*** DATA FOR ANALYSIS

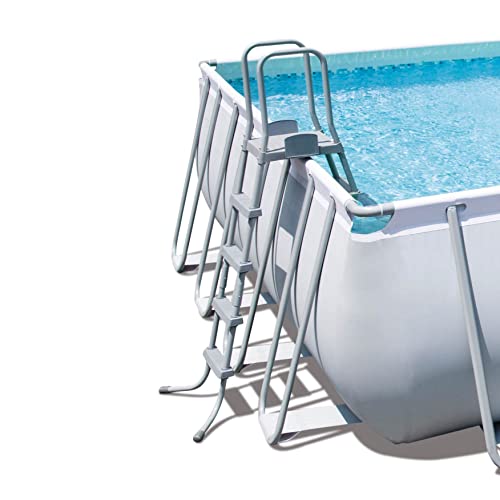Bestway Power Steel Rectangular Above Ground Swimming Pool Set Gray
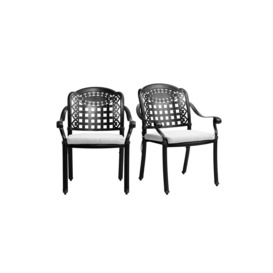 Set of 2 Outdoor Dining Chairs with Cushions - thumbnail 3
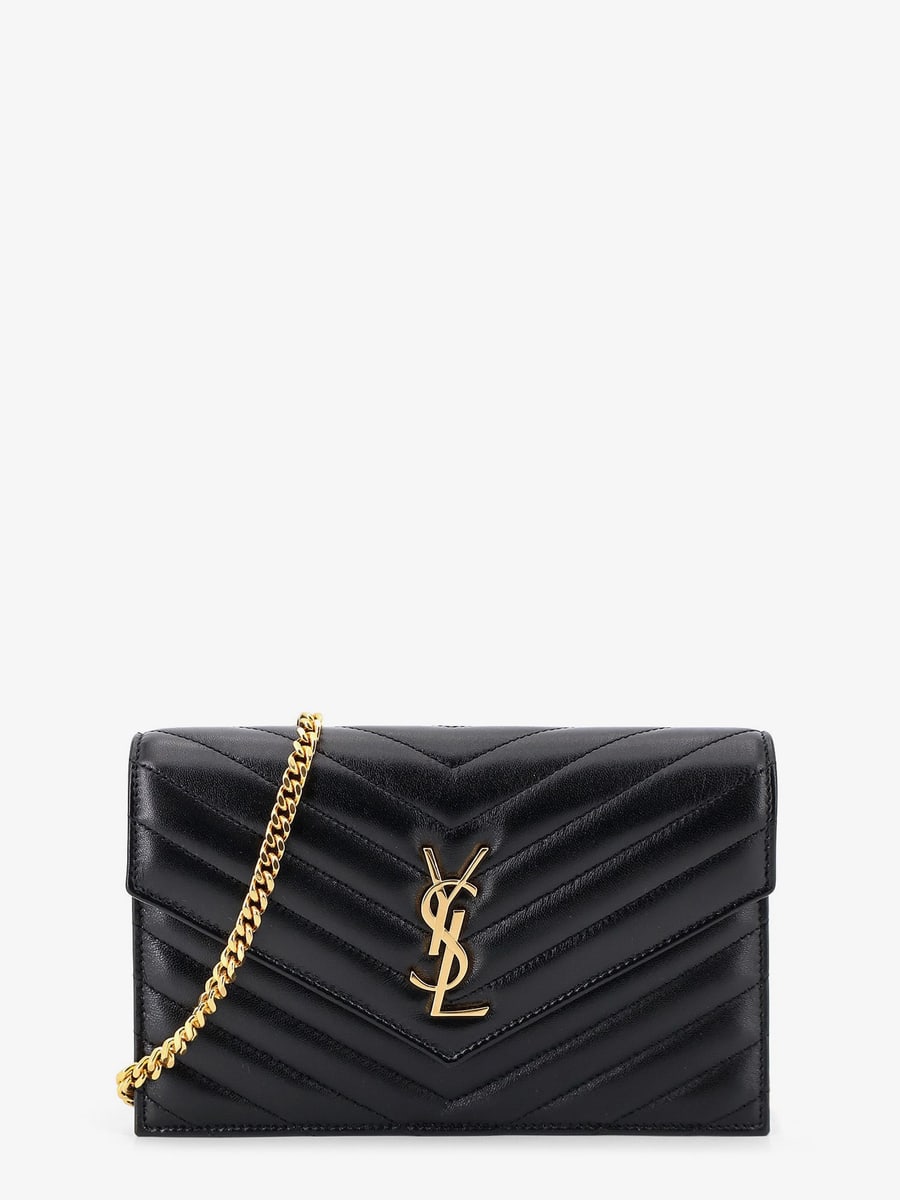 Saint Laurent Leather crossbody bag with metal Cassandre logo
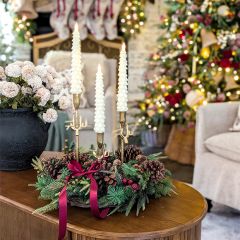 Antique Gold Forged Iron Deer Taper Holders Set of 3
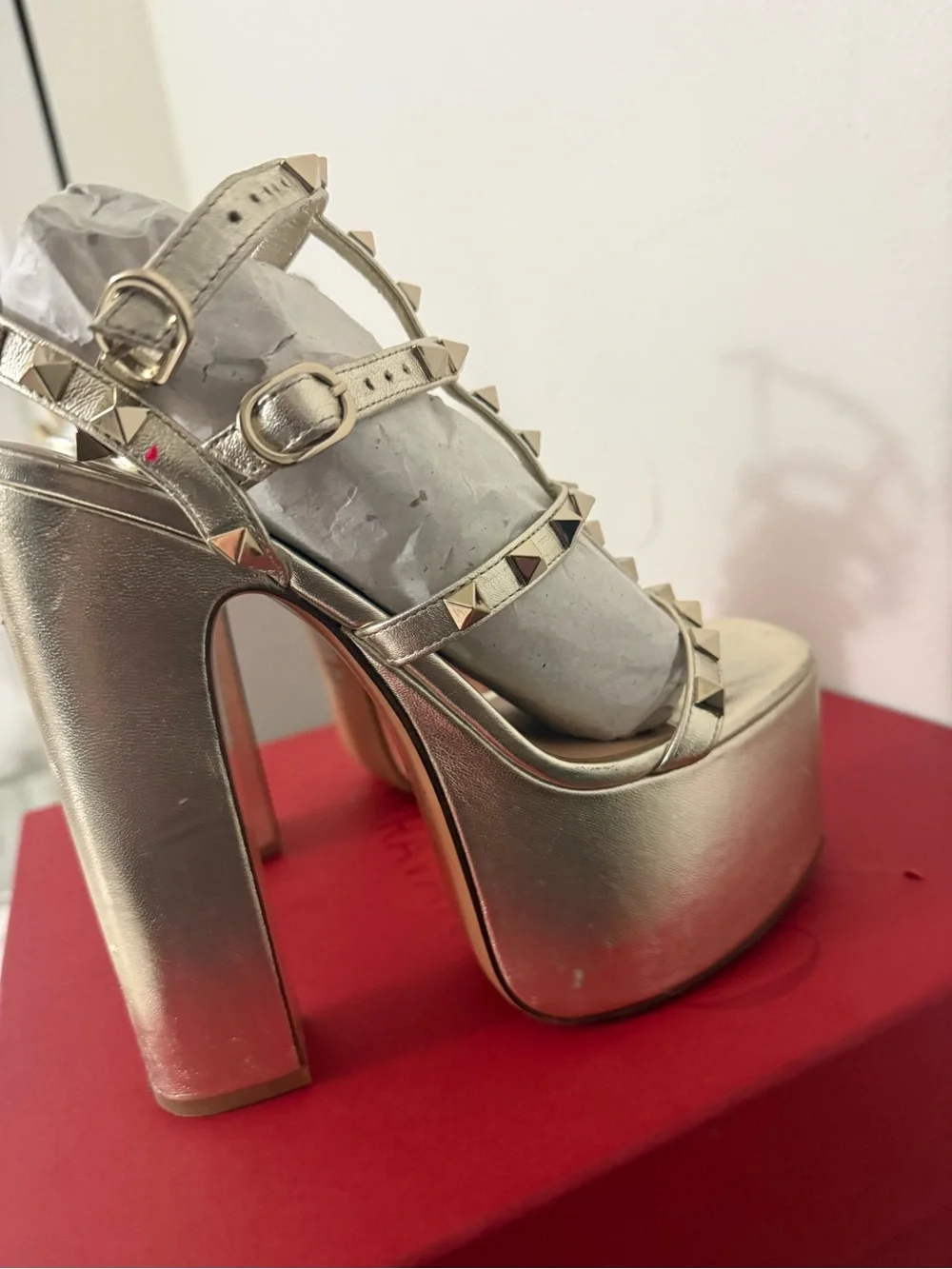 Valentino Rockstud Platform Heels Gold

******
*** DATA FOR ANALYSIS

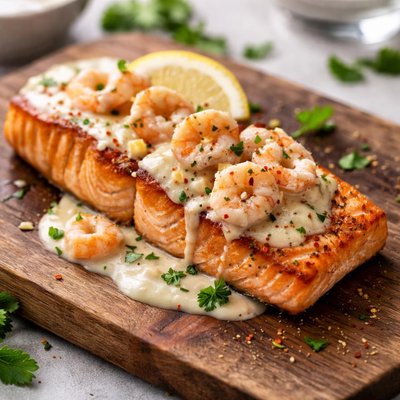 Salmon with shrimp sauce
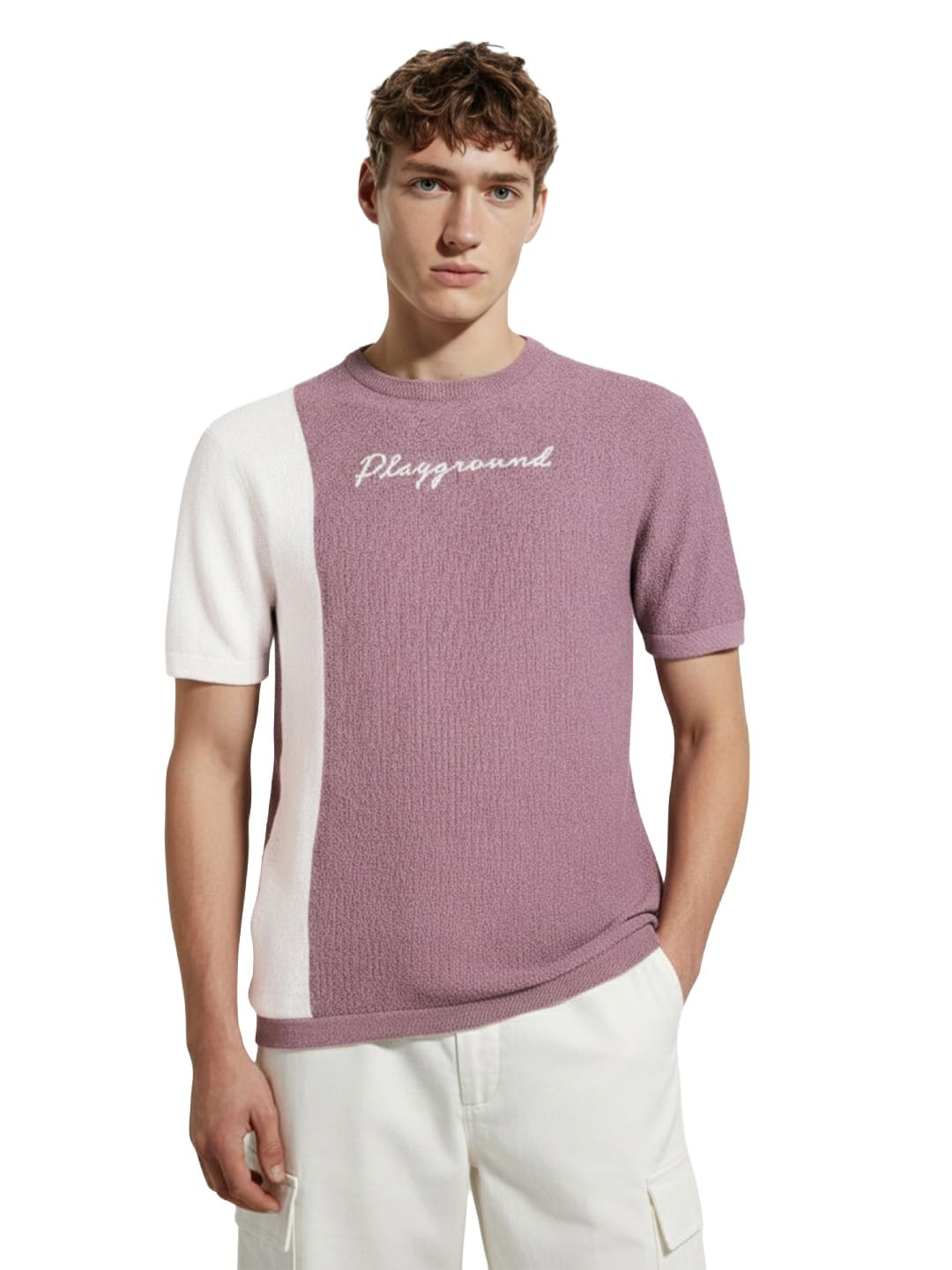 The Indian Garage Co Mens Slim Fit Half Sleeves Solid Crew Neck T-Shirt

******

→ **PROBLEM TO SOLVE**: Range to copy from the listing above: the line containing "Bestway Power Steel" down to the line containing "Valentino Rockstud Platform Heels Gold", both included. Reproduce it exactly, minus the pictures, and add nothing.

→ **ANSWER FOR THIS EXERCISE**:
Bestway Power Steel Rectangular Above Ground Swimming Pool Set Gray
 Set of 2 Outdoor Dining Chairs with Cushions - thumbnail 3
 Saint Laurent Leather crossbody bag with metal Cassandre logo
 Antique Gold Forged Iron Deer Taper Holders Set of 3
 Valentino Rockstud Platform Heels Gold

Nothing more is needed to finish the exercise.